Speaking of “Cockiness”, a lot has been made about Talk That Talk‘s sexuality. I’m aware of why this is, even if the record doesn’t sound nearly as dangerous as many of my peers would like you to believe. This is a girl who practically begged us to tie her up and spank her last year, after all, so hearing her sing-rap an ode to having her ... persuasion licked isn’t exactly a surprise. Thanks to Rihanna’s constant relevancy it’s possibly easy to forget she’s 23 years old and absolutely flush with cash, so a bit of sexual deviancy is probably the most predictable life path she could possibly follow at this moment. To me, the sex conversation going on here isn’t worth much because it’s delivered in a juvenile manner that’s way more exciting to high school freshmen than college kids and adults. For example, “Roc Me Out” has Rihanna letting us in on a “dirty secret”: “I just wanna be loved.” Not exactly a dangerous sentiment, and I’m not so sure we ought to be so afraid of hearing women enjoy receiving oral sex, either. What I find much more notable—as well as baffling and confusing—is how much Talk That Talk feels like a demo reel for something that’s yet to come.

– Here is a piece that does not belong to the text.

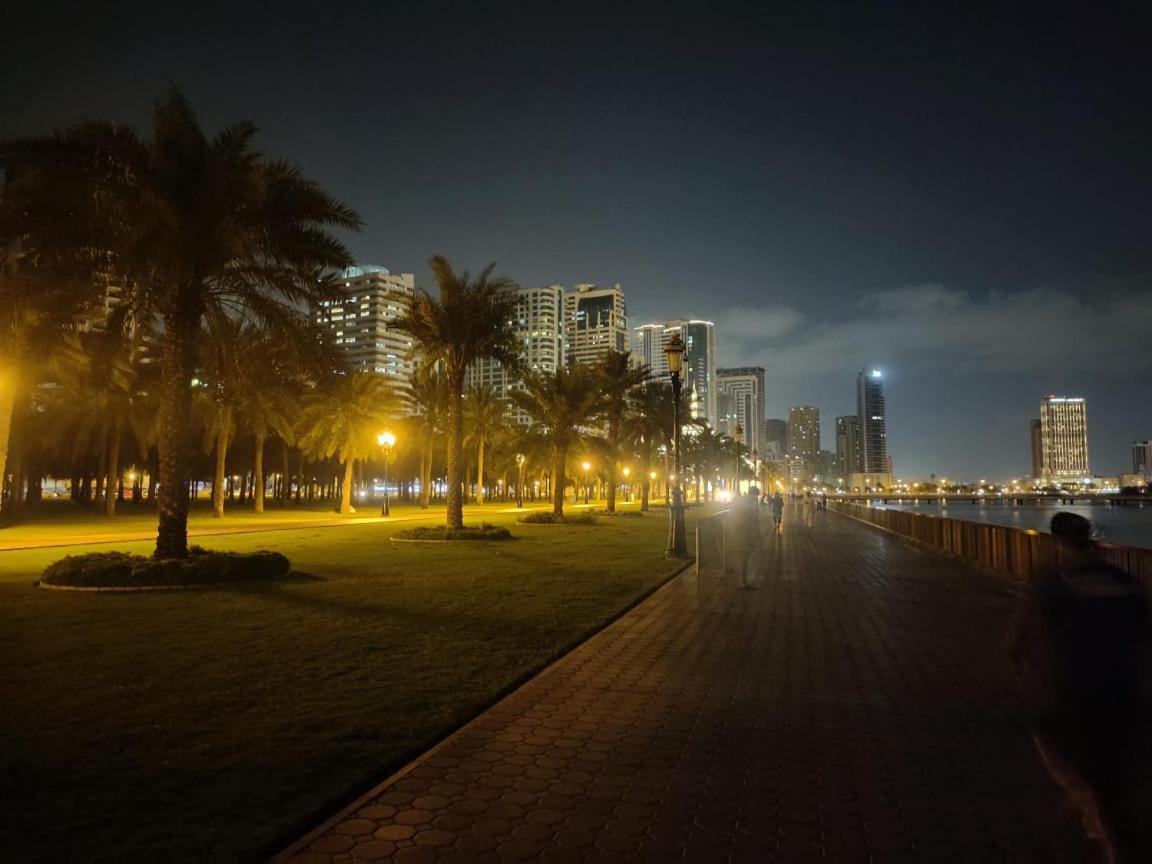 Arnim Suite - 3 Bedrooms Apartment Sharjah Buitenkant foto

If the opening tracks felt like interludes, then “Birthday Cake” feels like nothing at all. At one minute and eighteen seconds, we get an intro, a chorus and then what sounds like a verse that inexplicably fades out, almost like Rihanna was about to have her Nipplegate moment on record and her producers decided to cut her off. It’s akin to downloading a highlights mixtape on Datpiff in which the DJ queues up their favorite parts of given records and quickly flips from one to the next without giving the satisfaction of hearing the full song. The affect of this high energy sequencing is a collection of songs with no real reference for each other and a hope on behalf of Def Jam that hooks will always be enough to draw us into Rihanna’s web. But if Rated R was the implication Rihanna’s nothing without some truly massive hits and Loud the certificate of proof, then Talk That Talk is the attempt to manufacture that reality out of recycled parts. To that end it’s no surprise, then, that the full songs are the most disappointing, particularly “Drunk on Love” for capturing none of the nervous, pregnant energy that the sampled “Intro” by current indie muse du jour the XX was so full of.

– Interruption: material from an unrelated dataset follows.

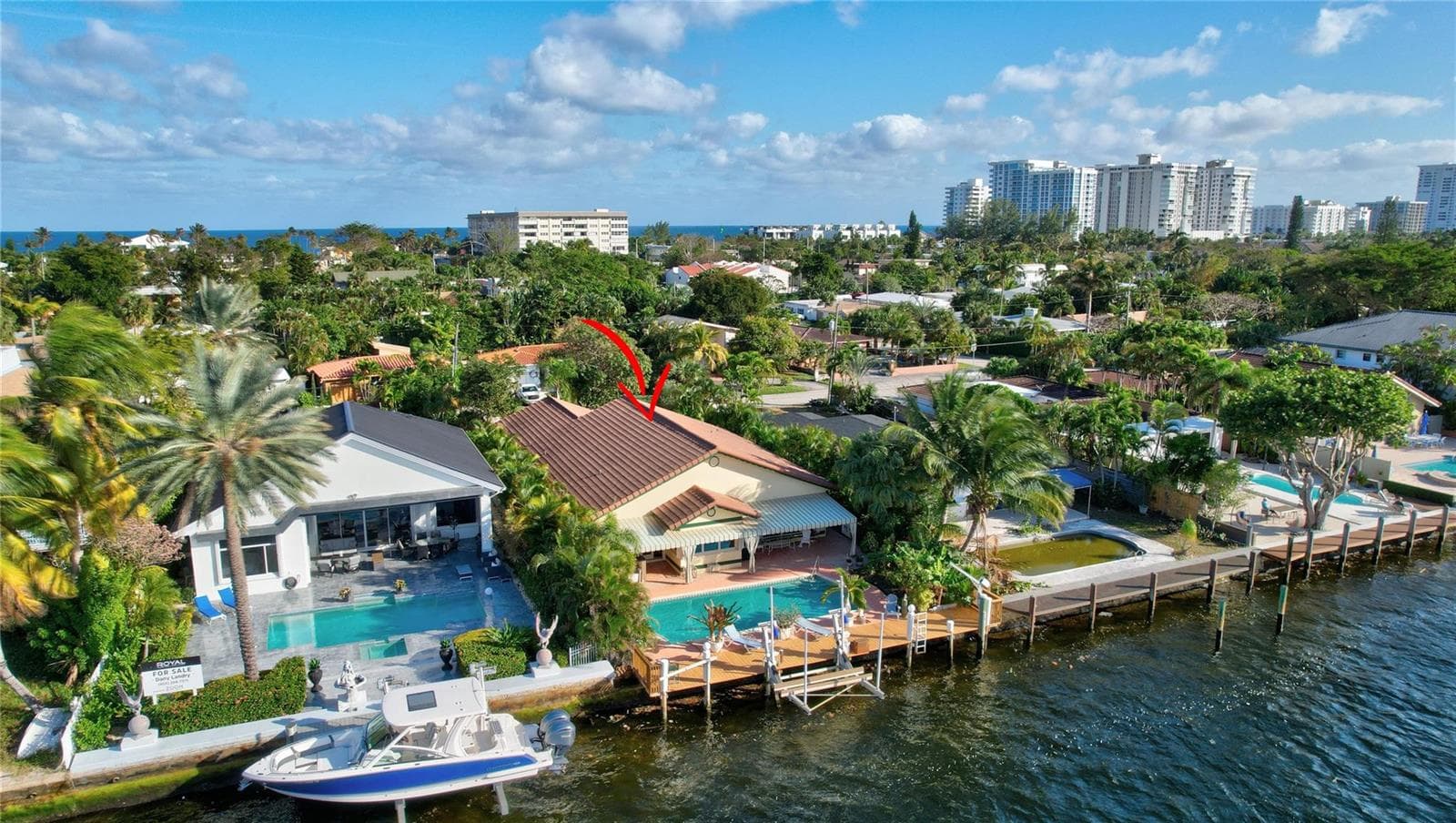 305 S Riverside Drive photo 3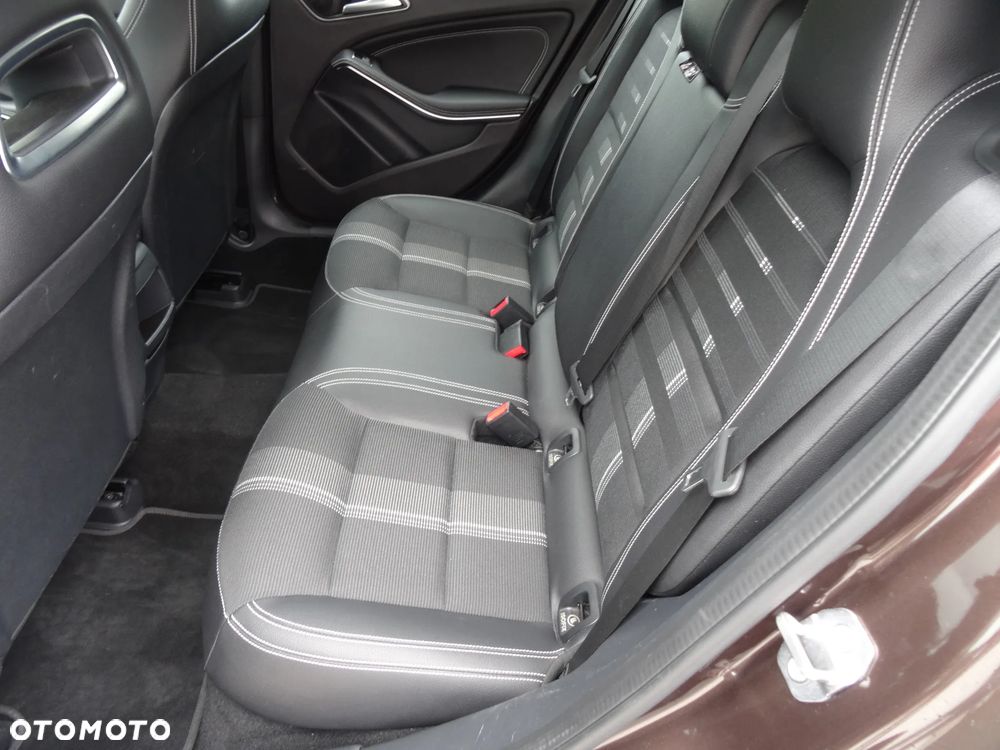 Mercedes-Benz GLA 200 d 4Matic 7G-DCT UrbanStyle Edition - 14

Singles-wise, it’s hard to tell how successful Talk That Talk will be. It’s sure to sell on brand recognition alone, but I doubt a series of mannered and soulless hooks are going to find much life outside of the European remix circuit. Last year I poo-poo’d Loud a little too much, leaving me wondering exactly how to treat an album as professional and yet apparently unfinished as Talk That Talk. I like “Watch ‘n’ Learn”, the title track is cool if only for Jay-Z’s casual banter and I guess I’ll give ladies the benefit of the doubt on “We All Want Love” and “We Found Love”, but there’s nothing to love here, which is new territory for Rihanna. We always knew she was much more commercial brand than a musical artist, but Talk That Talk portrays her as such an assembly line product there’s almost no way to react to it emotionally. As a musical product, it feels completely at odds with itself, one of those awkward moments when an album seems like it would have no reason to exist if not for SoundScans, board executives and iTunes Top Ten bragging rights. Talk That Talk is a pleasant listen, a brisk one, fans should be satisfied. Could I recommend spending money on it? No. Do I think it will have any effect on her career—positive or negative—at all? You’ll have to get back to me next fall, when she’s sure to have an answer for us.